Carpentier, Alejo, Le Siècle des Lumières, Folio, 1962.

 

Ce grand roman de cet auteur cubain raconte comment la Révolution française se répercute sur les colonies de l’Amérique du Sud.

 

Le roman débute par la rencontre à la Havane de trois adolescents (Sofia, son frère Carlos et leur cousin Esteban)  avec le franc-maçon Victor Hugues qui les enchante en leur faisant découvrir les idéaux des Lumières, en plus de révéler  à Sofia les plaisirs de l’amour charnel.

 

Esteban suit son mentor à Paris où il participe aux activités révolutionnaires, part en mission au pays basque en vue de traduire en espagnol les écrits révolutionnaires  français, avant d’accompagner Hugues à la Guadeloupe et de le précéder en Guyane. C’est à travers le regard d’Esteban qu’on suit le parcours de Victor Hugues qui rejette la franc-maçonnerie pour adhérer au jacobinisme, devient accusateur public à Rochefort, avant d’apporter à la Guadeloupe la liberté, par l’abolition de l’esclavage, et la guillotine pour ceux qui n’adhèrent pas à la vision de Robespierre.

 

Un passage, amusant pour nous, décrit la rencontre en Guyane d’Esteban avec un Acadien qui considère les Acadiens comme les seuls authentiques Français, car ils sont demeurés fidèles à la France mémorable, celle de la monarchie et de l’Église catholique, ce qui a entraîné leur déportation (p. 290 et ss.).

 

Esteban fuit la Guyane et revient à la Havane, dégoûté de cette Révolution qui a sacrifié tant de vies humaines, dont celle de Girondins qui adhéraient pourtant aux valeurs de liberté, d’égalité et de fraternité.
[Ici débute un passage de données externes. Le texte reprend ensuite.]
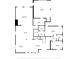 Floor plan displaying the layout of the first floor, including the kitchen, living room, and bedrooms at 1661 Woodland Ave, Winter Park, FL 32789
Sofia, toujours animée par les idéaux révolutionnaires, réagit au récit de son cousin, en justifiant  l’implacabilité des actions de Victor Hugues au nom d’un romantisme qui se veut réaliste: « On ne pouvait vivre sans idéal politique; le bonheur des peuples ne pouvait être atteint du premier coup […] Elle admettait que des excès de la révolution étaient déplorables; cependant les grandes conquêtes humaines ne s’obtenaient que par la douleur et le sacrifice. En somme, rien de grand ne se faisait sur terre sans effusion de sang. »

 

Sofia, malgré Esteban qui essaie de la retenir, décide de rejoindre en Guyane Victor Hugues, par amour pour lui et pour les idéaux de la Révolution. Lorsque Bonaparte rétablit les pouvoirs de l’Église par le Concordat de 1801, le gouverneur Hugues se rend à l’église pour participer à son office, comme si de rien n’était. Avec la ré-instauration de l’esclavage dans les colonies par le même Bonaparte, Hugues utilise contre les Noirs la même férocité qu’il avait manifestée dans la défense des idéaux révolutionnaires, dont celui de la fraternité. Désenchantée, Sofia quitte Hugues et la Guyane.

 

Installée à Madrid, elle obtient la libération d’Esteban qui avait été condamné et emprisonné pour franc-maçonnerie.  Lors de la révolte du peuple espagnol contre la domination des armées de Bonaparte, Sofia décide de participer à cette révolte contre la tyrannie. Esteban, plus par amour de Sofia que par conviction politique, accompagne Sofia et disparaît avec elle durant ce mouvement populaire, sans laisser de traces.

 

J’ai aimé ce roman qui permet de sentir, voire de comprendre les effets de la Révolution française sur les colonies, à travers de personnages bien campés.